Ayant reçu la demande d’un prêtre pour partager les visions de Sigmar en vue d’une sortie de la Reiksguard, Melicent se rendit au point de rendez-vous avec Sœur Ygritt. C’est là qu’elle le rencontra enfin, le chevalier de ses rêves. Elle en tomba immédiatement amoureuse. Lorsque leurs regards se croisèrent, elle se sentit défaillir. Il était là, si proche, mais si loin. Sous le regard suspicieux de la sœur supérieure, impossible de lui adresser la parole. La jeune femme fit donc ce qui lui était demandé, donnant la position des ennemis, annonçant le nombre de blessés, dont Ser Gerstenmaier, quoi que très légèrement. Ceci dit, elle ajouta : « Et à votre retour, vous viendrez personnellement faire une offrande au temple, je le sais », non sans une pointe de défi. Ce à quoi le chevalier répondit avec un rictus. Car elle ne l’avait pas vu dans les flammes, et il le savait.

Elle l’attendit pendant des semaines. Les visions impures firent passer le temps de la jeune sœur, alors que son noble chevalier était parti guerroyer dans le Nord. Pourtant un soir, les flammes lui montrèrent autre chose. Elle était agenouillée nue sur une scène, devant des centaines de badauds. La matriarche supérieure était derrière elle, un fouet à la main. Alors que celle-ci allait porter un coup, tout s’arrêta. Melicent, traumatisée par ce qu’elle venait de voir, préféra faire comme si rien ne s’était passé, et retourna dans la contemplation de celui qui la faisait rêver.

Et comme elle l’avait annoncé, il vint un matin, écharpe au bras, se présenter pour faire une offrande au couvent. En présence de Melicent, il offrit à la matriarche une bourse contenant de nombreuses couronnes d’or. Et alors que toutes avaient le dos tourné, il glissa discrètement dans la main de la jeune femme un morceau de papier indiquant de venir le rejoindre dans une auberge proche à minuit. Au départ du Chevalier, Sœur Ygritt se doutant de quelque chose, demanda à la jeune sœur de lui montrer ses mains. Ce qu’elle refusa bien évidemment. Usant de force, elle fit ouvrir les mains de Melicent pour y trouver…. De la cendre. À leur grande surprise à tous les deux. Soeur Ygritt se demandant comment elle avait pu douter de la pureté de la jeune femme, et elle même se demandant comment ce petit bout de papier avait pu brûler dans sa main.

C’est ainsi que le cœur battant, la jeune prêtresse quitta discrètement sa chambre tard dans la nuit. Évitant les rondes, elle réussit à s’enfuir hors du couvant, encapuchonnée, marchant des les rues d’Altdorf vers l’adresse où l’attendait son preux chevalier. Entrant dans l’établissement, elle le trouva dans un coin sombre de la pièce principale. Ils montèrent immédiatement à la chambre. Elle eut à peine le temps d’enlever sa pèlerine qu’il lui arracha sa tunique d’un geste peu gracieux. Il l’attrapa par les joue de sa forte poigne en lui soufflant son haleine avinée en plein visage : « J’ai eu des putes de luxe pour moins cher que ça, mais une vierge de Sigmar, ça jamais. Ne m’déçois pas .. » Et la jeune femme, toute émoustillée par son amour pour ce noble Albrecht Gerstenmaier, s’exécuta, et il usa d’elle comme une vulgaire poupée.

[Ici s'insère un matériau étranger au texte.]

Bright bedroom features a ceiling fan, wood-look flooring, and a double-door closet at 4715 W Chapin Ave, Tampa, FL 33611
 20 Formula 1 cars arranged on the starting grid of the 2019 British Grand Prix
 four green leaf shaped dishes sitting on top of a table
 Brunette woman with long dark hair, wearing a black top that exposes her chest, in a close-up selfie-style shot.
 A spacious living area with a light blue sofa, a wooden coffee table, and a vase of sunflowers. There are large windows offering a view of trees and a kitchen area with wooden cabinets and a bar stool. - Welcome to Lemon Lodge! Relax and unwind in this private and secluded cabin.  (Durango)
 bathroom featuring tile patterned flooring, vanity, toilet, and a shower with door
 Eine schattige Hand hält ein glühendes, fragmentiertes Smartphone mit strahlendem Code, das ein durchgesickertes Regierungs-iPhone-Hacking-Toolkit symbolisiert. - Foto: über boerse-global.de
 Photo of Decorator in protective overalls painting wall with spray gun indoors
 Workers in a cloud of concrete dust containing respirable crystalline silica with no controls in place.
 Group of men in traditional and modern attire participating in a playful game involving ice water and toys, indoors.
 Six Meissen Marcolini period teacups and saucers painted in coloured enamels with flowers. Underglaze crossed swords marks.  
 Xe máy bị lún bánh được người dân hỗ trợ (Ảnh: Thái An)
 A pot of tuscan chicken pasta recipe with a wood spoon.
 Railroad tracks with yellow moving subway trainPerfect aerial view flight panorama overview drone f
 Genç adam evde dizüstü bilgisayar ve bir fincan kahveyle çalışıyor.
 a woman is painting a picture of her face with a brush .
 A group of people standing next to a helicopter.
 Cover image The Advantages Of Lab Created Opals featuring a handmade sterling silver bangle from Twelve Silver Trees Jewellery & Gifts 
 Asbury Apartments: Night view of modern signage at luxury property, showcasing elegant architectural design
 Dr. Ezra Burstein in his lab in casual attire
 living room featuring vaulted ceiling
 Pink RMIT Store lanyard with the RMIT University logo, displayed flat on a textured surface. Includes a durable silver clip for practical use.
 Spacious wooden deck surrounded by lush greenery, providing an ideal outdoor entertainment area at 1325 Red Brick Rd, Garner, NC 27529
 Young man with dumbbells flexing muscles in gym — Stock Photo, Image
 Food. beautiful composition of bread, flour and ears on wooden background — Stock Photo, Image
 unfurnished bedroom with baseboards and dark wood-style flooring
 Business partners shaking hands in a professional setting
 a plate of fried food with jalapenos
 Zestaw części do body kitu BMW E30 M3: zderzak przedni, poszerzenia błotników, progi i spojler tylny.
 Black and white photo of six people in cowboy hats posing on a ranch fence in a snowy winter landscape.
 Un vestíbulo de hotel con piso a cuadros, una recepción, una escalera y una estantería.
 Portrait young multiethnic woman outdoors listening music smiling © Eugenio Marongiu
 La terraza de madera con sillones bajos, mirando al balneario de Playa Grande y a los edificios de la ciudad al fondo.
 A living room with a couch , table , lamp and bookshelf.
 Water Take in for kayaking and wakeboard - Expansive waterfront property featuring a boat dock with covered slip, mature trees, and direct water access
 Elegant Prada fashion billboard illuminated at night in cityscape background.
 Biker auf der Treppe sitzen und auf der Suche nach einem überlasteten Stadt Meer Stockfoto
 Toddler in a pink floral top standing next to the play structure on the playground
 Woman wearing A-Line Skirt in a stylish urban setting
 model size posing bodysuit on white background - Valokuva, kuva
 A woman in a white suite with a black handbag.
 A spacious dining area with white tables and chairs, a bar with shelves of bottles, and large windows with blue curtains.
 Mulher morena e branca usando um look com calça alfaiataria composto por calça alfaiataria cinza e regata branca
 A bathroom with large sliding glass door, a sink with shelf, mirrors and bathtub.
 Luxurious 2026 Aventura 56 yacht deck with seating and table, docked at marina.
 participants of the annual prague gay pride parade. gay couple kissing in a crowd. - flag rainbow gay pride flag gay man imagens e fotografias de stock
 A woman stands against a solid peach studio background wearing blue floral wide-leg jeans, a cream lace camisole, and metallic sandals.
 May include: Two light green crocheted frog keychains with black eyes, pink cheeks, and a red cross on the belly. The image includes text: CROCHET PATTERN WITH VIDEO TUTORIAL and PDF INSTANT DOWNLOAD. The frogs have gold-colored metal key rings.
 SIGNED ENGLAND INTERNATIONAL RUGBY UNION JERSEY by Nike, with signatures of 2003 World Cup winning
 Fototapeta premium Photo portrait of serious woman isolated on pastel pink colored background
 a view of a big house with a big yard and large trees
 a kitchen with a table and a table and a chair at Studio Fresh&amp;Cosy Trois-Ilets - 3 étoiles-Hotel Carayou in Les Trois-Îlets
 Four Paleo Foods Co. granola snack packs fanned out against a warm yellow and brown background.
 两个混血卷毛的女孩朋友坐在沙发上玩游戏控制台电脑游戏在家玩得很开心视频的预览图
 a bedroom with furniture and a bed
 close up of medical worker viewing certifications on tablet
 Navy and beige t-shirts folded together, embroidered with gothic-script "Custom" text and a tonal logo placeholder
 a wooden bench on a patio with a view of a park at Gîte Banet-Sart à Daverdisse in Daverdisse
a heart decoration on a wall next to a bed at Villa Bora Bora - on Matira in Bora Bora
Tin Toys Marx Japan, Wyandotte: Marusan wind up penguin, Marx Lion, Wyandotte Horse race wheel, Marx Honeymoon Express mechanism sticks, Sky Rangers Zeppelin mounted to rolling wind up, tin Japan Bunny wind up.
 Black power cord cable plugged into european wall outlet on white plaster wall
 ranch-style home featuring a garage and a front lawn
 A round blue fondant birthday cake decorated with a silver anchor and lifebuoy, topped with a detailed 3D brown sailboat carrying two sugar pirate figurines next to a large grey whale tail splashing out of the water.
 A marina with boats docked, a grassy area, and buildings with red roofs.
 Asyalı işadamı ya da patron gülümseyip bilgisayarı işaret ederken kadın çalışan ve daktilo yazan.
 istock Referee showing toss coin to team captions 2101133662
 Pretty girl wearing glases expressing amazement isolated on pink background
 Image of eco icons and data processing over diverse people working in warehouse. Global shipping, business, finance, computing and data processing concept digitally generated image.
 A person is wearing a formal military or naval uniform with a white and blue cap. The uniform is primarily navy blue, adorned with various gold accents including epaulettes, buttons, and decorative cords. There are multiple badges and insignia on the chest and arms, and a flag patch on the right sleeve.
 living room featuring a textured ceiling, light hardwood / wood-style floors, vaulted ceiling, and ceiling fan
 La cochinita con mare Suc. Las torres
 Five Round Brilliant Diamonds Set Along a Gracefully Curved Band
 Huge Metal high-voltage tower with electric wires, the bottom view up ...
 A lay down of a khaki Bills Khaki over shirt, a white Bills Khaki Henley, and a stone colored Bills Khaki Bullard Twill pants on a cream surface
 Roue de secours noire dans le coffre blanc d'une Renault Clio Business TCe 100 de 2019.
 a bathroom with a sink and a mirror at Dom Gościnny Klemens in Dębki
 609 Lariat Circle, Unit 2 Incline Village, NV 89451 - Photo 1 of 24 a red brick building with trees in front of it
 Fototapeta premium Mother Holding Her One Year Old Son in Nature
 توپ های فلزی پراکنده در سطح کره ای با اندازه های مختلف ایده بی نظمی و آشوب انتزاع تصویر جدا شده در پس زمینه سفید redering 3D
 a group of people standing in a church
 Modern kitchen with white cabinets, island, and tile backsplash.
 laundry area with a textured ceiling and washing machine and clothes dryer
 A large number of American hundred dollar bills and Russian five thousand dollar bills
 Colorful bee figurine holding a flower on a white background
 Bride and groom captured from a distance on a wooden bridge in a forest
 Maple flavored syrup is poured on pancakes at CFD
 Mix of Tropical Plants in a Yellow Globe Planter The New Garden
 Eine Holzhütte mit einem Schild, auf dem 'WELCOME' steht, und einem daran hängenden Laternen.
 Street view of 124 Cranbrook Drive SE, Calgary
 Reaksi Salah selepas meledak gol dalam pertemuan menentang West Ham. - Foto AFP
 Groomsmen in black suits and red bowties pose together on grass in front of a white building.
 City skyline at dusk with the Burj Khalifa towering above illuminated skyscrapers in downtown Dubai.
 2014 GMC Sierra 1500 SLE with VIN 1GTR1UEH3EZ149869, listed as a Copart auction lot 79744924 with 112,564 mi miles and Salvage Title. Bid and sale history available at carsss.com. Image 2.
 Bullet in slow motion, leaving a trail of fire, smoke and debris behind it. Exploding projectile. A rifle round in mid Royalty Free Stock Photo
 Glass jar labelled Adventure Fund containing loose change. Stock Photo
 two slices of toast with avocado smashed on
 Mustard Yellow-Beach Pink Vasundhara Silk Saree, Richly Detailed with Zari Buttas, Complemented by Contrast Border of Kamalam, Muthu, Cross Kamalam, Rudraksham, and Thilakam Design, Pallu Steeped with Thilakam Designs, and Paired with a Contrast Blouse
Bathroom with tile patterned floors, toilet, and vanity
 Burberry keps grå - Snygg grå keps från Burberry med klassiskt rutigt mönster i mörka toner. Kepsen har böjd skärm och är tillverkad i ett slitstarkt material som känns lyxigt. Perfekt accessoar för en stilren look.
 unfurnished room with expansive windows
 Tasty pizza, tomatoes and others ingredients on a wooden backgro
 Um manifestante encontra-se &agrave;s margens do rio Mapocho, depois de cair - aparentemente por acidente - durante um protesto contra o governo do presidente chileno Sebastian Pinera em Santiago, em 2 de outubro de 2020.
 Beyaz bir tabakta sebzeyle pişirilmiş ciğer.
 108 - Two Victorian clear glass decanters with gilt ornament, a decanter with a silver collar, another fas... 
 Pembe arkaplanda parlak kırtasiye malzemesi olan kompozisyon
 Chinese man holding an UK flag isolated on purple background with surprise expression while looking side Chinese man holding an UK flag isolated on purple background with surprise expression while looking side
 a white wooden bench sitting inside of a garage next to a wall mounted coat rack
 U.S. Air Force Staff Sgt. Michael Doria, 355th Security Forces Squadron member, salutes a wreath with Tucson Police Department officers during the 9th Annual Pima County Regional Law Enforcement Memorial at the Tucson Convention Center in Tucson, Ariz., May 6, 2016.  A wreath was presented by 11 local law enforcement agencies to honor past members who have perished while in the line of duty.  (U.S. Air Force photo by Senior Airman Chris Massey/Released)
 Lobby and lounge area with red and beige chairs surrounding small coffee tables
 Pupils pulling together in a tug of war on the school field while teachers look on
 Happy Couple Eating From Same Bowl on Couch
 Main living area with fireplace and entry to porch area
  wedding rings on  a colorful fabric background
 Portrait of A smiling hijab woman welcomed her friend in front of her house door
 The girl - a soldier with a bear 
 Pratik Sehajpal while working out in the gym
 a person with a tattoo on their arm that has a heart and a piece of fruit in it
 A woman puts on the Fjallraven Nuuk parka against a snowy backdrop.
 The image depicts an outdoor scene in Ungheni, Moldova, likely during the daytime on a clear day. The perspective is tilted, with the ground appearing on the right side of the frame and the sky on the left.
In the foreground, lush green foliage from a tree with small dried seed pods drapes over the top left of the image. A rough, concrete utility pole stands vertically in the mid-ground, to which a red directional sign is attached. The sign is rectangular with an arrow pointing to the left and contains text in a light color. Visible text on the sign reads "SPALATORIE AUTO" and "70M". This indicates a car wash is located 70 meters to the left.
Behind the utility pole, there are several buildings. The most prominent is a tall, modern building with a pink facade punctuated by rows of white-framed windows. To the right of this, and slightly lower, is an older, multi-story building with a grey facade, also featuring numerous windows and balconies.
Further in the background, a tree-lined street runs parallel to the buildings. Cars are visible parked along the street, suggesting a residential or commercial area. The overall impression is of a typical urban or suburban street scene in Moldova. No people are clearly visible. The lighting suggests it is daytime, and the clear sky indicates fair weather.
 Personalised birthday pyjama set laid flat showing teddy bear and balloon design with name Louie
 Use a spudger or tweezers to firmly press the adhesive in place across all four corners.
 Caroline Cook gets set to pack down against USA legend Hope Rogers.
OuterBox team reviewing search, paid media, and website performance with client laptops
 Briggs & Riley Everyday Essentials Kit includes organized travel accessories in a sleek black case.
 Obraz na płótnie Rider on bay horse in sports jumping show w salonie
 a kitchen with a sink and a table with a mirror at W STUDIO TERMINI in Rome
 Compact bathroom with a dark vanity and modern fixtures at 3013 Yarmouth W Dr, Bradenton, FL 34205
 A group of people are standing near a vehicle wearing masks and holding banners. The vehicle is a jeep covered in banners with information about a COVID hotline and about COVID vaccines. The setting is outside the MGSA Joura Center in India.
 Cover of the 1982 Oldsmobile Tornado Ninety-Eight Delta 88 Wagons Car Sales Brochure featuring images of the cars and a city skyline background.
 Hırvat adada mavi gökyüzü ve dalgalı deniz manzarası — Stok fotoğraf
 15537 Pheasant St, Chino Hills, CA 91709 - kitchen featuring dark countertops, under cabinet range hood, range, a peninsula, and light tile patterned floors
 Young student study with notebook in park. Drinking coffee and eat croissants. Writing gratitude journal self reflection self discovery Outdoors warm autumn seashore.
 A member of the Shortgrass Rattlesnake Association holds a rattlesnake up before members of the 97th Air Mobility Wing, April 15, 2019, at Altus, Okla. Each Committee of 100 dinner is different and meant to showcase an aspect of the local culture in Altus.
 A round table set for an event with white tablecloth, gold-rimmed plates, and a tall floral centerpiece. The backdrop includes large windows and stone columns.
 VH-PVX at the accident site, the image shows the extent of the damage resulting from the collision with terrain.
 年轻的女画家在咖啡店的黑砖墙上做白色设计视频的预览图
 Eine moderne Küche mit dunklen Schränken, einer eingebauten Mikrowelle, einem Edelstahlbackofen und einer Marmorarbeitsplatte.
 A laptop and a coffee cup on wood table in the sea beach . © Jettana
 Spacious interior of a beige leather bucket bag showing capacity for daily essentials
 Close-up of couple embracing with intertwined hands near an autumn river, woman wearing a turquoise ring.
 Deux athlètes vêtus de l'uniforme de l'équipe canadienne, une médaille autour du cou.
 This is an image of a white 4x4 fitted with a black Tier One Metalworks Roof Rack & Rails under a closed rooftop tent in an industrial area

Et pourtant. Plutôt que d’être choquée, la jeune femme en redemanda encore. Pendant quelques semaines, elle joua ainsi double jeu. Chaste prêtresse le jour, et amante dévergondée la nuit. Melicent était prête à tout pour satisfaire ce noble qu’elle aimait. Et lui, cruel manipulateur, ne voulait qu’assouvir ses bas instincts et son besoin de pouvoir et domination. Car il ne l’aimait pas, loin de là. Et si elle espérait que peut-être un jour il la demanderait en mariage, lui ne demandait pas mieux que de jouer avec elle jusqu’à ce qu’il se lasse et la jette comme un vulgaire chiffon.

Toutefois, cette aventure ne pouvait bien se terminer. À l’insu de la prêtresse, on découvrit ses absences nocturnes, et on la fit suivre. Ce fut donc en plein actes dégradants que la porte de la chambre d’auberge s’ouvrit en fracas, laissant apparaître sœur Ygritt, accompagnée de deux autres prêtresses, marteaux de Sigmar en mains. Pointant une arme sur Melicent, Ygritt donna l’ordre à ses subordonnées d’attraper l’impure alors qu’elle soumettrait l’homme à un interrogatoire.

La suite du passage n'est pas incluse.